Notice all the boxes behind me. 



Finally, sometime in the afternoon (Skyler could tell you when, but I sure can't) my midwife asked me if she could break my water. I said yes and she and the assistant midwife got to work. It seemed easy and quick and wasn't painful at all. Unfortunately it gave us bad news. There was meconium in the fluid and that meant a transfer to the hospital. I was crushed. To me, this was a failure. I think this was the point where I gave up the idea of my body being able to this great, powerful thing called Birth.

Things went quickly. I gathered up some clothes and things, because of course I hadn't packed a hospital bag. I was so sure I wouldn't need it. My mom and Peyton drove separately and my midwife, Skyler and I piled into our car to head to the hospital. The assistant midwife stayed behind to clean up. (She did a phenomenal job at it too, according to Skyler...which is amazing because she had come to our house after an overnight labor and delivery).

We got to the hospital and they were surprisingly nice and accommodating (with the exception of one nurse). They let me continue laboring naturally. Which I did. For hours. Still no progress. After I time, I was told that my best chance of having a vaginal birth was to be given Pitocin. I was not happy about this idea. Not at all. At this point, though, I really didn't feel like I had a choice. I had literally exhausted every other option. And myself. I was so so so tired. Since Pit creates unnaturally strong contractions, I insisted on getting an epidural before they administered the Pitocin. I figured, at this point I knew I wasn't going to have a natural birth so why not be comfortable? I refused to go through Pit contractions without help.



After an hour on the Pit I had progressed to 10 centimeters.
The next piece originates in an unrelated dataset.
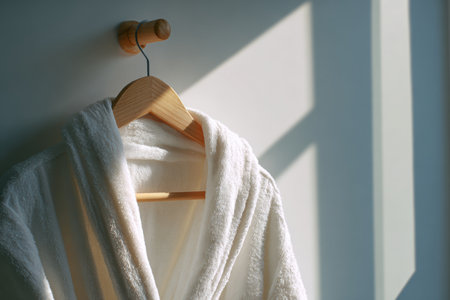 A soft, fluffy robe hangs on a wooden hook, bathed in bright morning light. The serene and simple arrangement creates a tranquil atmosphere, perfect for a cozy start to the day.の素材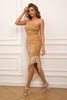 Load image into Gallery viewer, One Shoulder Sequins Black Short Prom Dress with Fringes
It was time to push. So I pushed. Or, I thought I did. I couldn't feel a thing I was doing. I couldn't feel much pain, true. I also couldn't feel my body. I pushed for an hour. The doctor said I could go for another hour and then we would have to talk about surgery. I pushed for what felt like 3 minutes and 3 days at the same time, he came back and said it was time to perform a C-Section. He insisted it wasn't for his convenience. He told me he would do everything he could to make sure I could have a vaginal birth next time. I asked for a few minutes to decide and I asked Skyler and our midwife what they thought. They both said it was time.
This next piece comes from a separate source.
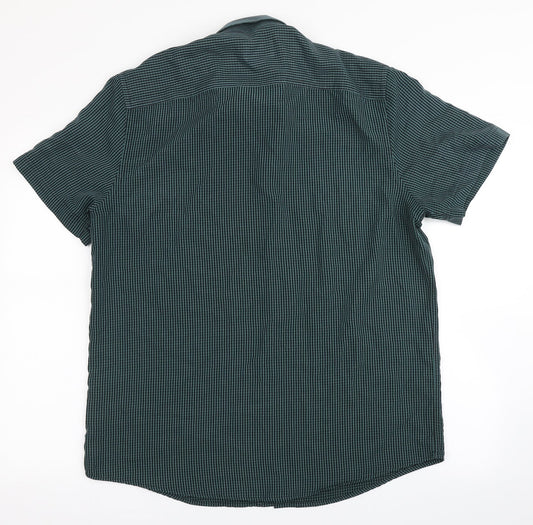 F&F Mens Green Striped Polyester  Button-Up Size M Round Neck Button - Chest Pocket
The next thing I really remember is being strapped down on the surgery table, both arms spread out to my side, telling the anesthesiologist that  I was going to be sick. That is the only feeling or emotion I can remember about the birth of my son. Naseau. It's all that comes to me. Skyler came in and talked to me but I can't remember what he said.
They told him he could stand to see the baby being born. He says by the time he stood up he was almost completely out. They took him over to clean him up and continue working on me. They were worried about bleeding. The nurses call Skyler over to be with the baby. I think they showed him to me, but I'm not sure. Then the two of them were gone and I was wheeled out to do preliminary recovery stuff. After about half an hour, Skyler came with Arthur and I finally got to hold my baby and try to nurse him.



I look how I felt.

He's awfully beautiful. 


We stayed in the hospital for four days and then we went home.

And now, seven and a half months later, I'm putting it all down in writing. I'm still so sad and disappointed. I know that I did everything I could to avoid the outcome we ended up having. However, I don't really know how to not be disappointed, mostly in myself.
I'm healed. My baby is happy, healthy, and developing way ahead of normal. I'm still nursing him, if not exclusively.